Now it’s understandable that some people have obligations after work and so the need to get by traffic makes sense. But those with more flexible options might want to think about whether it’s worth it to spend an extra hour stuck in traffic or cancel out 2-3 hours worth of work. My friend likes to say that you might as well go to dinner and spend $30.00 on a steak. Then when you’re done, traffic will be gone. My friend likes to think rich despite not being rich. However, I believe that’s a great characteristic towards wealth building.
Next time you’re out shopping, remember to think rich. What is the cost of your purchase in labor hours rather than dollars. It may help put things in perspective. Addressing the Starbucks example, it might be economical to bring in your own coffee maker. My sister gave me her Keurig machine and my coworkers and I spend $1-2 on K-cups per day. Our entire room uses the one machine and brings down costs. True coffee drinkers out there bring their own machine and grind their own beans. Over 30 years of professional work, this will save you tons of money.

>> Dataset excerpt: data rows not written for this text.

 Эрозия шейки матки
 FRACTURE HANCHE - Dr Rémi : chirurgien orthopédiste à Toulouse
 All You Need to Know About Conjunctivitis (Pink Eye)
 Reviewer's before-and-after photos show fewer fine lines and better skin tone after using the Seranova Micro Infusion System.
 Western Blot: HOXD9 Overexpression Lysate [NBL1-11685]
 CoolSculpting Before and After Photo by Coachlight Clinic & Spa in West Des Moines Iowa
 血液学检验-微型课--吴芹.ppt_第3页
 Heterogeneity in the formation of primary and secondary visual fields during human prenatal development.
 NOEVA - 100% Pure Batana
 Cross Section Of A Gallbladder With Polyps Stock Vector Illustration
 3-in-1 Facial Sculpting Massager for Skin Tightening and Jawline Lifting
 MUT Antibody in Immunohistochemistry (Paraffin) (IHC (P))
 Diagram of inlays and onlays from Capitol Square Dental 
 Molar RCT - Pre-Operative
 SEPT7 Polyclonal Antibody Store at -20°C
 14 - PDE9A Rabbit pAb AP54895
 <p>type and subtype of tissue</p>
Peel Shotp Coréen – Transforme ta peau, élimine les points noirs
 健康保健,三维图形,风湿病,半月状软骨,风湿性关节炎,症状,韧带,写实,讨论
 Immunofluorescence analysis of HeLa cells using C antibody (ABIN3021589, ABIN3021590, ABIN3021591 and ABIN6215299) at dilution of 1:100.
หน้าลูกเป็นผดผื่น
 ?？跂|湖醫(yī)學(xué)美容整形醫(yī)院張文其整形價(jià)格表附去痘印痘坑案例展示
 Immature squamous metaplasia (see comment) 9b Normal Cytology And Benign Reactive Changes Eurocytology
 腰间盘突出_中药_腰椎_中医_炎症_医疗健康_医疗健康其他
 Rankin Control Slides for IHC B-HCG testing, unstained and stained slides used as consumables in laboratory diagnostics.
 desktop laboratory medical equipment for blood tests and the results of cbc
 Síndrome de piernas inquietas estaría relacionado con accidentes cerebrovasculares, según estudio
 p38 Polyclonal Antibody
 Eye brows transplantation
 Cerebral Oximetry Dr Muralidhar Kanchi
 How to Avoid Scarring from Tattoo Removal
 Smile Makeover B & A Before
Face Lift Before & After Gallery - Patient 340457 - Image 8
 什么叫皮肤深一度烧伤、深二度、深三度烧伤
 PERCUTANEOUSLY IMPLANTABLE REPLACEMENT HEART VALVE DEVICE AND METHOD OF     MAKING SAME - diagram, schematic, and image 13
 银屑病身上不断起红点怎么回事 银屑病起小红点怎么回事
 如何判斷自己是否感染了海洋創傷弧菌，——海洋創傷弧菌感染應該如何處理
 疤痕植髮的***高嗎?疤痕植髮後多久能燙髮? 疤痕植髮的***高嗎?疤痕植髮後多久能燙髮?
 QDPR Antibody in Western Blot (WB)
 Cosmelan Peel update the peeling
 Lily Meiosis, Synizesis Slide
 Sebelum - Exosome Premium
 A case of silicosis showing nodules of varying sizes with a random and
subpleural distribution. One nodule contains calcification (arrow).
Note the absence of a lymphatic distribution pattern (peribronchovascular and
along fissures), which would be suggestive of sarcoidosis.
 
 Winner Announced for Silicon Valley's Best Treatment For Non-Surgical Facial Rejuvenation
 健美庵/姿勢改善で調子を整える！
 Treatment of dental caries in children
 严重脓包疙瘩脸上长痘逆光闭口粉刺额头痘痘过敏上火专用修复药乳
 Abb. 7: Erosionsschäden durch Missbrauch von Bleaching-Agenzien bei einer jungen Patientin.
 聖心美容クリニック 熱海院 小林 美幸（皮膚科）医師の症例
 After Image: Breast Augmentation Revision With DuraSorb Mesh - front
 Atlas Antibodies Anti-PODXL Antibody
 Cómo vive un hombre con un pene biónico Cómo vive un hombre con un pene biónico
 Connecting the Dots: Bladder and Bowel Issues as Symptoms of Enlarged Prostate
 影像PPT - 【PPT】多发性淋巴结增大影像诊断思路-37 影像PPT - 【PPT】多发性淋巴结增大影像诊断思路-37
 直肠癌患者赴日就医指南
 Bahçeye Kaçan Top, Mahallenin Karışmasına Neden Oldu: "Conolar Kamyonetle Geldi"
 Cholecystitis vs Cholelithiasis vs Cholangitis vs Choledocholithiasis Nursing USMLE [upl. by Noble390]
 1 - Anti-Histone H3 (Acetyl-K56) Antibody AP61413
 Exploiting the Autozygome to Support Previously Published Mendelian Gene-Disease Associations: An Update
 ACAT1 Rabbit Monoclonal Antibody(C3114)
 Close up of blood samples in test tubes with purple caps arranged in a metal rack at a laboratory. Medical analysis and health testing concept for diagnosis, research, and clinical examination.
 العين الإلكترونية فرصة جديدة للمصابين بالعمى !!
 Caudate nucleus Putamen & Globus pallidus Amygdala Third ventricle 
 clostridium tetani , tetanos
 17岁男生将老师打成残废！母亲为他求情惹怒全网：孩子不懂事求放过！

That’s not to say somethings aren’t worth spending money on. I like to flip this argument around and think about things that are actually worth it. My dad and I were discussing plans to travel to Asia this Winter for two weeks. As the topic of finances came out, we calculated the true cost of taking a vacation under the think rich mindset:
- Take home pay: $3,000 per month
- $3,000 per month converts to $150 per day
- Vacation days: 10
- Flight: $700
- Hotel: $300
- Misc Expenses: $300
- Total Cost: ($150 x 10) + $700 + $300 +$300 = $2,800
The question came down to: Would I work one month for a 2-week trip to Asia? For me, still under the think rich mindset, would say hell yes!